A workaround in the mean is to establish the spec relationship between the CFSS and RFSS when they are in a published state. 

Please let me know if this works for you.

rishimehta01
Tera Expert

@ShashankInamdar  - If I understood correctly I need to publish all the specs and then make the relationship. 

Pls confirm.

rishimehta01
Tera Expert

I have published both CFSS and RFSS > then made the specs relationship  it worked. Thanks.

Joshua Chen FX
Mega Sage

@ShashankInamdar  if you have a switch resource which has a license attached to its lifecycle (e.g. this switch has a license key for 4 years), that license ID is a CHAR of the Switch (RS), or a CHAR of the RFS which depends on the Switch (RS)... or a logical resource?

ShashankInamdar
ServiceNow Employee
ServiceNow Employee

@Joshua Chen FX I would rather model the Switch and License as two independent resources, given the Switch also may have it'w own lifecycle. 

You can use horizontal relationship between the two to maintain a relationship. The License Id can then reside on the License RS.

 

Ofcourse, this is just one of many ways of doing it.
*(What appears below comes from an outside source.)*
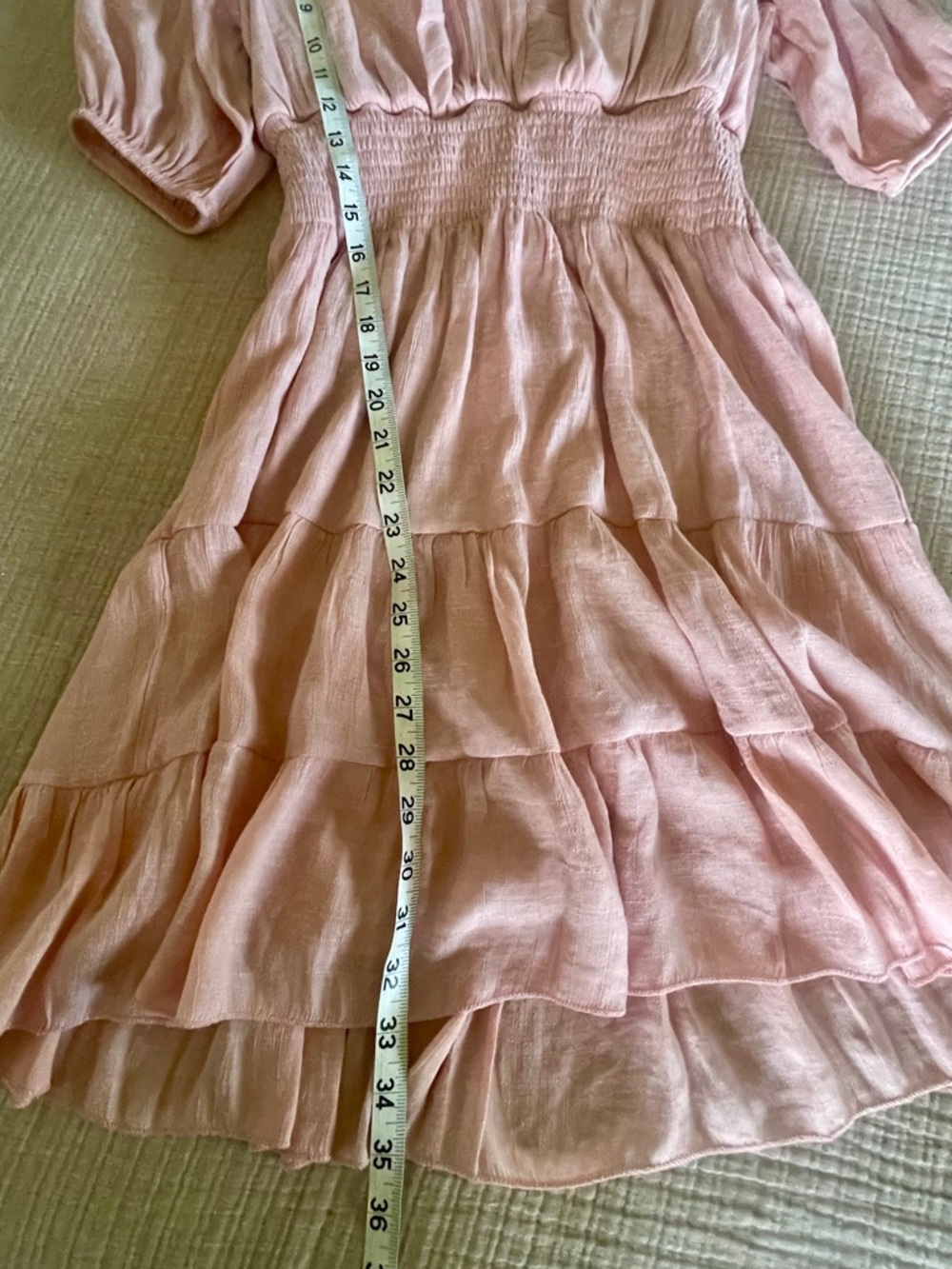Women's Blush Pink V-Neck‎ Ruffled Tiered Dress EUC - Picture 5 of 8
But, with two different Resources - allows you to have independent lifecycle of it's own, they remain loosely coupled, more flexiblity, independent orchestration.

 

Thoughts? 

P.S: My suggestion would be for such questions to be a separate thread on it's own.

Rekha Dukkipati
Tera Contributor

Hi @ShashankInamdar ,

I am also facing the same issue. Earlier, the relationship type between CFS and RFS is requires. But now, when I am publishing, it says this error.

RekhaDukkipati_0-1716288771986.png

 

 

 

 

 

ShashankInamdar
ServiceNow Employee
ServiceNow Employee

@Rekha Dukkipati  What OMT plugin version are you on? 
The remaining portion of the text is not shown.